Extracted data entries:
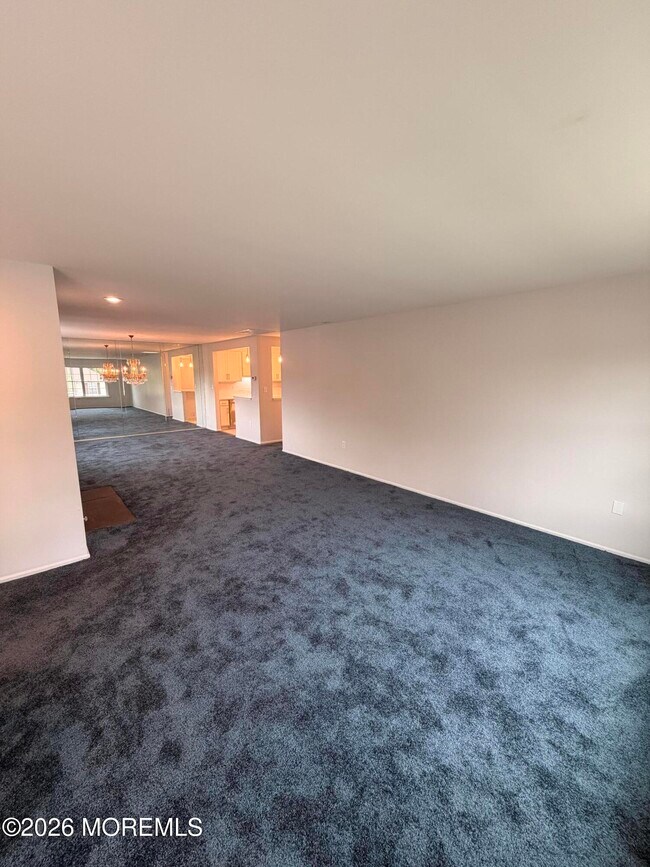 Foto del edificio - 36 Racquet Rd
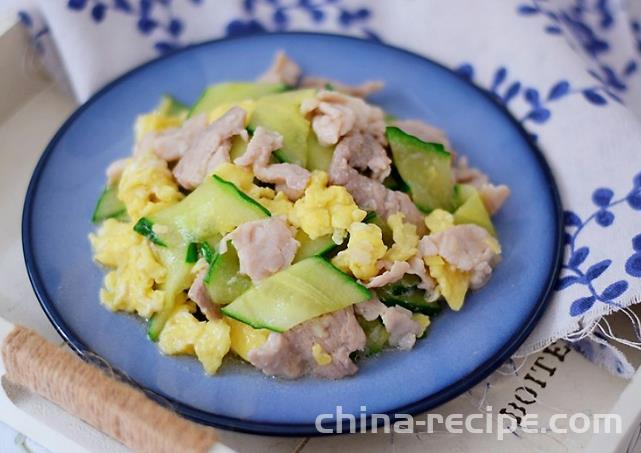 The method of stir frying pork slices with cucumber and eggs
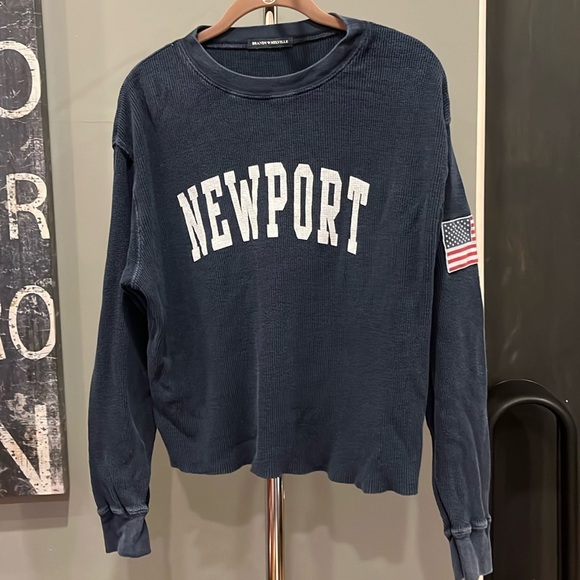 Brandy Melville Newport waffle sweatshirt flag patch navy blue - Picture 2 of 8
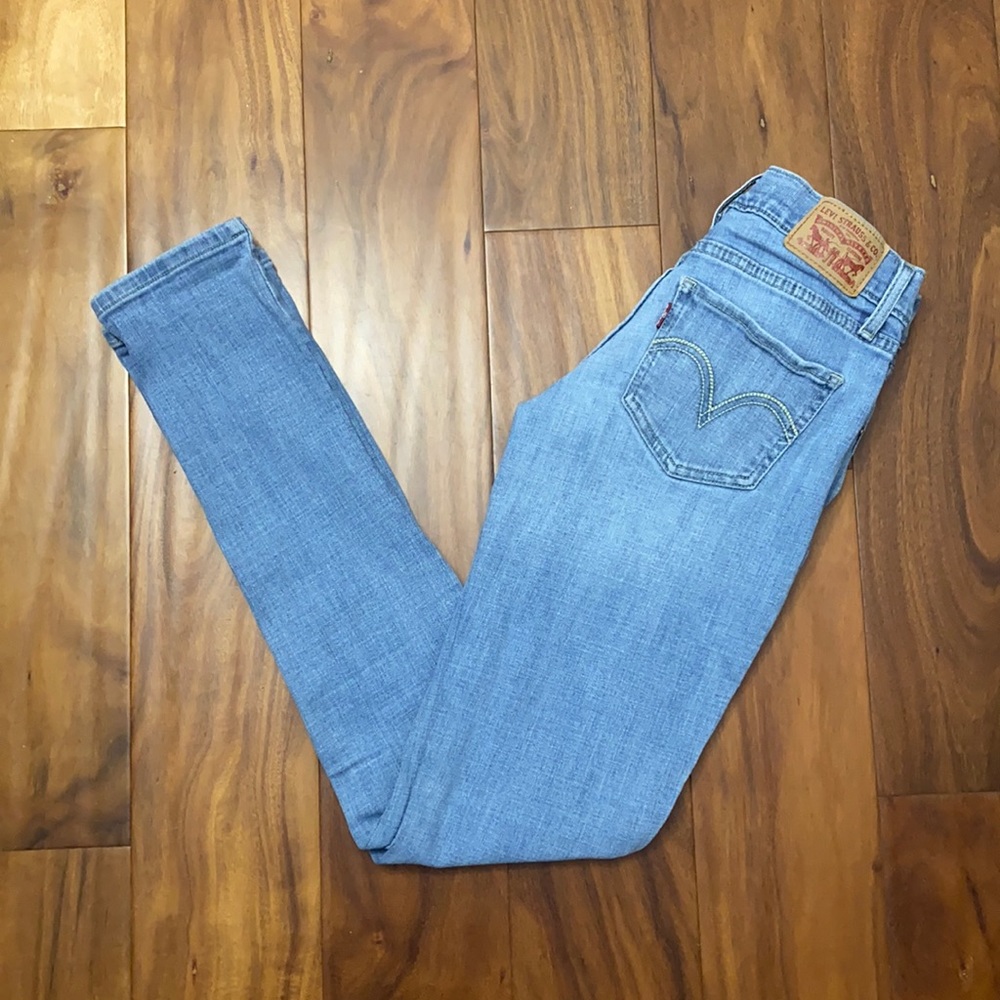 Levi’s 524 Skinny Jeans - Size 25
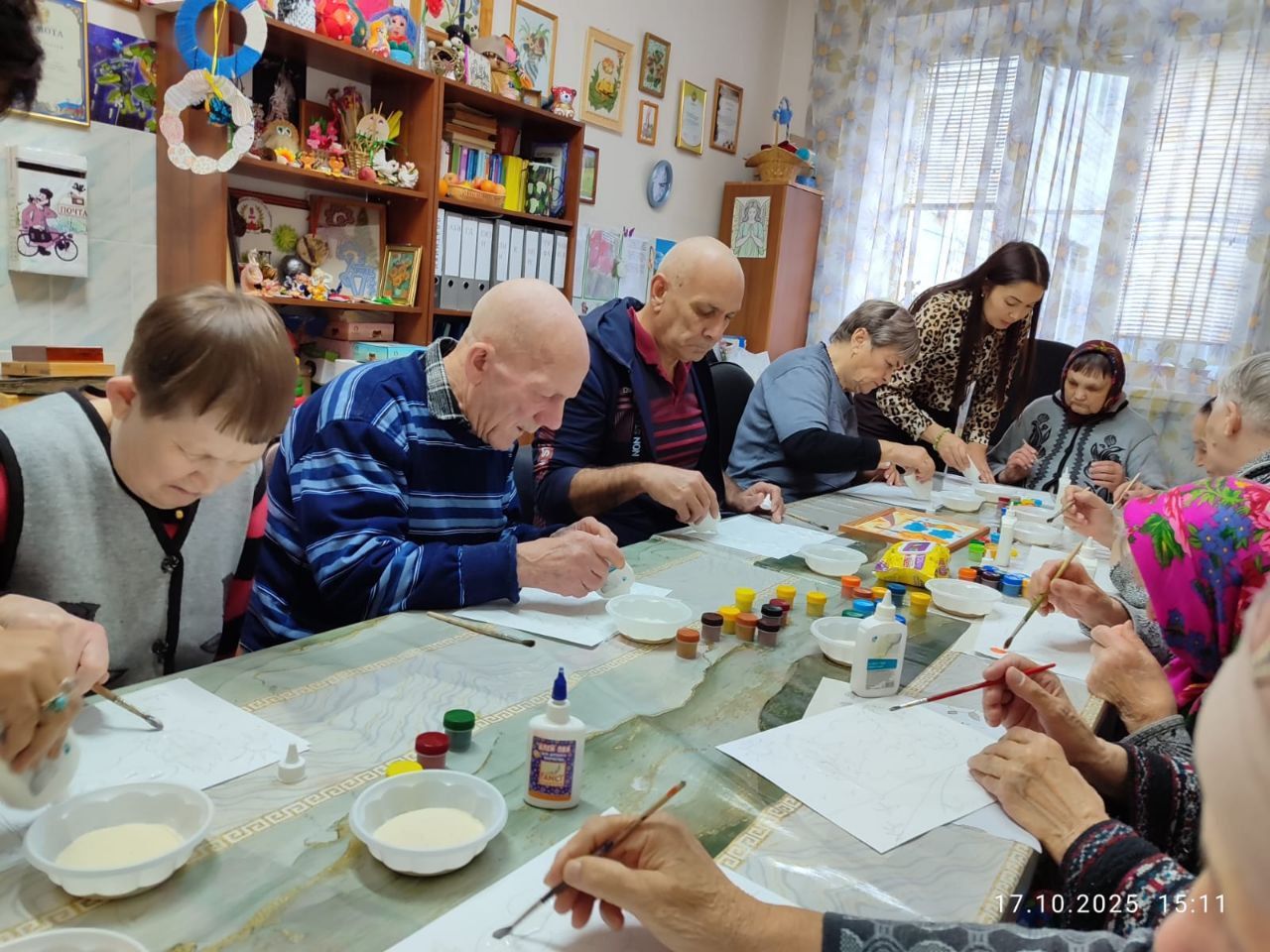 Рисуя добро: в Нурлатском доме-интернате прошёл мастер-класс по рисованию манкой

> [EXERCISE DETAILS] Starting at the line containing "Levi’s 524 Skinny Jeans - Size 25", output every remaining line of the records above exactly, the last one included. Nothing else belongs in the output, and no pictures either.

> [THE COMPLETED TASK]
 Levi’s 524 Skinny Jeans - Size 25
 Рисуя добро: в Нурлатском доме-интернате прошёл мастер-класс по рисованию манкой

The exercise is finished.